Masures, on ne peut desormais inventer
Un argument nouveau qui soit bon à chanter,
Ou haut sur la trompette, ou bas dessus la lyre :
Aux anciens la Muse a tout permis de dire,
Si bien que plus ne reste à nous autres derniers
Que le vain desespoir d’ensuivre les premiers,
Et sans plus de bien loin recognoistre leur trace
Faite au chemin frayé qui conduit sur Parnasse :
Lesquels jadis guidez de leur mere Vertu,
Ont tellement du pied ce grand chemin batu,
Qu’on ne voit aujourd’huy sur la docte poussiere
D’Helicon, que les pas d’Hesiode et d’Homere
Imprimez vivement, et de mille autres Grecs
Des vieux siecles passez qui beurent à longs traits
Toute l’eau jusqu’au fond des filles de Memoire,
N’en laissans une goute aux derniers pour en boire :
Qui maintenant confus à-foule à-foule vont
Chercher encor de l’eau dessus le double Mont :
Mais ils montent en vain : car plus ils y sejournent,
Et plus mourant de soif, au logis s’en retournent.

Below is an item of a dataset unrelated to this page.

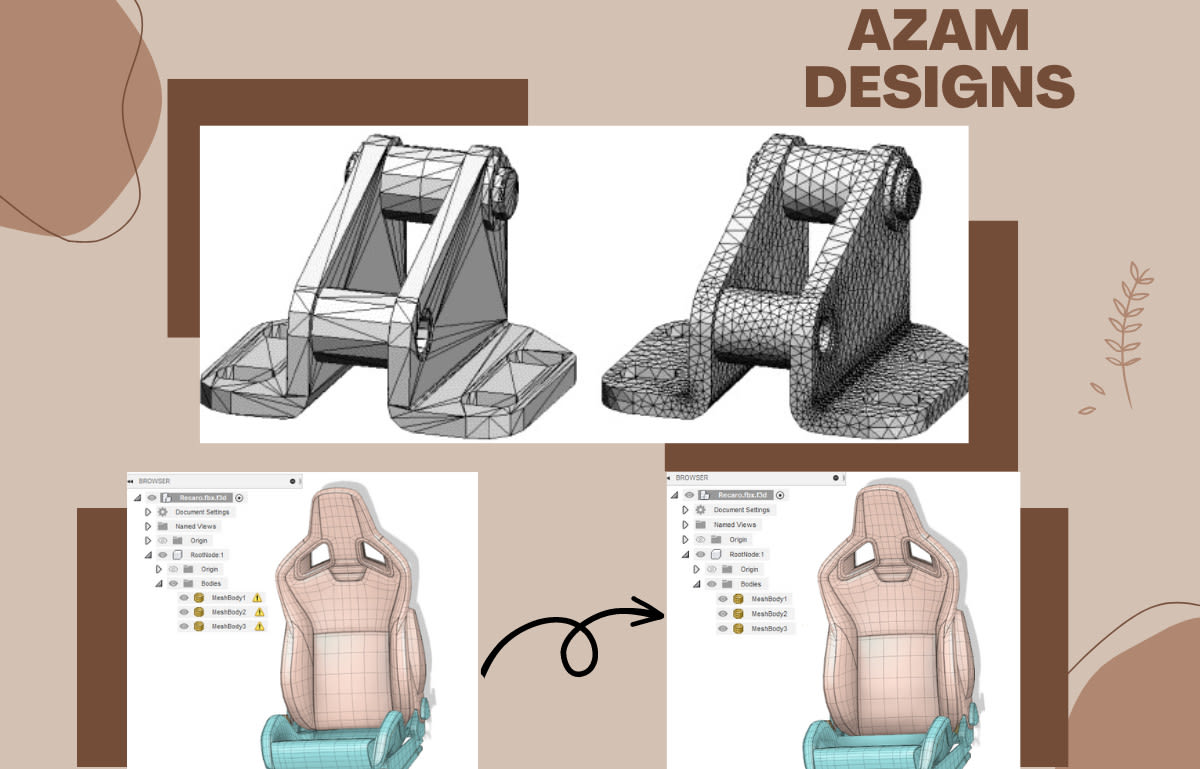 repair-edit-and-modify-your-stl-files-and-mesh-files-for-3d-printing.png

Moy donc qui de long temps par espreuve sçay bien
Qu’au sommet de Parnasse on ne trouve plus rien
Pour estancher la soif d’une gorge alterée,
Je veux aller chercher quelque source sacrée
D’un ruisseau non touché, qui murmurant s’enfuit
Dedans un beau vergier, loin de gens et de bruit :
Source, que le Soleil n’aura jamais cognue,
Que les oiseaux du ciel de leur bouche cornue
N’auront jamais souillée, et où les pastoureaux
N’auront jamais conduit les pieds de leurs taureaux.
Je boiray tout mon saoul de ceste onde pucelle,
Et puis je chanteray quelque chanson nouvelle,

Dont les accords seront, peut estre, si tresdous,
Que les siecles voudront les redire apres nous :
Et suivant ce conseil, à nul des vieux antiques
Larron, je ne dévray mes chansons poetiques :
Car il me plaist pour toy, de faire icy ramer
Mes propres avirons dessus ma propre mer,
Et de voler au ciel par une voye estrange,
Te chantant de la Mort la non-dite louange.
C’est une grand Déesse, et qui merite bien
Mes vers, puisqu’elle fait aux hommes tant de bien.